Why I fell in love with Colorado
Inever wanted to move to Colorado. As the newly appointed Colorado state historian, I aim to earn a high ranking for the celebrated virtues of transparency and full disclosure.
In the early 1980s, I was teaching at Harvard on the “revolving door” plan. Assistant professors arrived on campus with the knowledge that we would be departing in five years. Those who did not abide by this understanding could choose, instead, a humiliating ordeal: being reviewed for tenure with a 99.9 percent guarantee of failure.
So my professional ambition acquired sharp definition: I wanted to leave Harvard before I got booted out. And so, hoping to get back in training for the strenuous sport of applying for academic jobs, I applied to CU and was surprised to get a job offer.
With 2½ years remaining on my Harvard contract, I asked the history department chair for a consultation. He convened senior historians to see if they had any inclination to encourage me to stay.

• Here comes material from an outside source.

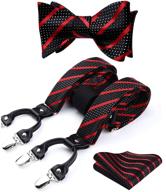 👔 hisdern stripe suspenders pocket adjustable: classy and convenient accessory logo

When I went to his office to hear the results of their deliberations, one very legible note sat at the center of his desk:
“No on Limerick.”
I did not move to Colorado because I was a skier eager to hit the slopes, or because I was enchanted with John Denver, or because I had recognized that staying on the East Coast was going to come close to eliminating my opportunities to reach Western audiences with my perspectives on their region’s history.
Evidence that I had been unbelievably lucky was not long in presenting itself.

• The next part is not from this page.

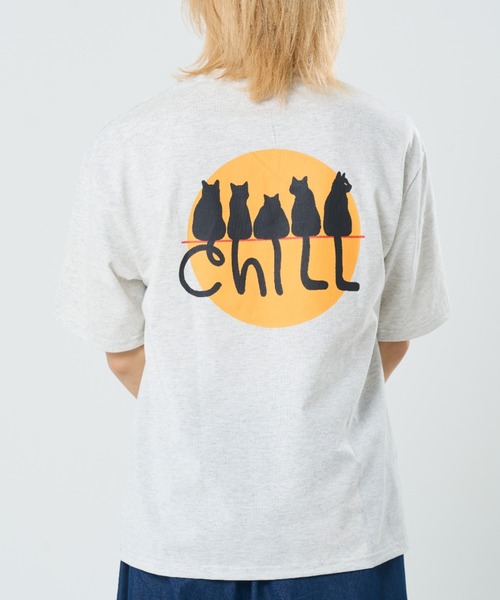 CORISCO(コリスコ)の「チルムーンアニマル柄TEE(M1)(Tシャツ/カットソー・メンズ・ホワイト/チャコールグレー/オートミール/ブラック・MEDIUM/X-LARGE/LARGE)」の4枚目の写真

Awakening to the restorative power of the landscape, I soon rechristened one of the Flatirons as “The Mountain that Makes Life Worth Living Again after a Difficult Meeting.”
Another telling indicator of my change in thinking was a rising tide of condescension and pity for people who lived elsewhere. Visiting universities around the country, when faculty members took me out to dinner, I had to work hard not to tell my pleasant hosts, “I’m sorry you are stuck living here.”
And then there was the emergence of an improbable and unexpected trend by which Coloradans aplenty invited me to give speeches on every imaginable subject, and some that went a step or two beyond imagination. Given access to podiums in nearly every part of the state, I eased into a role as the Kilroy of public speaking in Colorado. (If the excellent phrase “Kilroy was here” has expired as a recognized and familiar figure of speech, then I will put reviving it on my to-do list as state historian.)
Having been born and raised in a small town where everyone knew everyone else, I was grateful beyond measure as my speaking circuit set me up to acquire hundreds of new friends. And when my first husband, Jeff Limerick, died of a stroke in 2005, I was immersed in the compassion of Coloradans.
Back when I was a more sequestered academic, I wrote about “the Western sense of place.” It was a spectacular turn of events to come into possession myself of the sentiment I had been studying.
I cannot imagine living anywhere else.
And I cannot imagine a greater privilege than serving as Colorado state historian and becoming even more of a champion for the place where I live.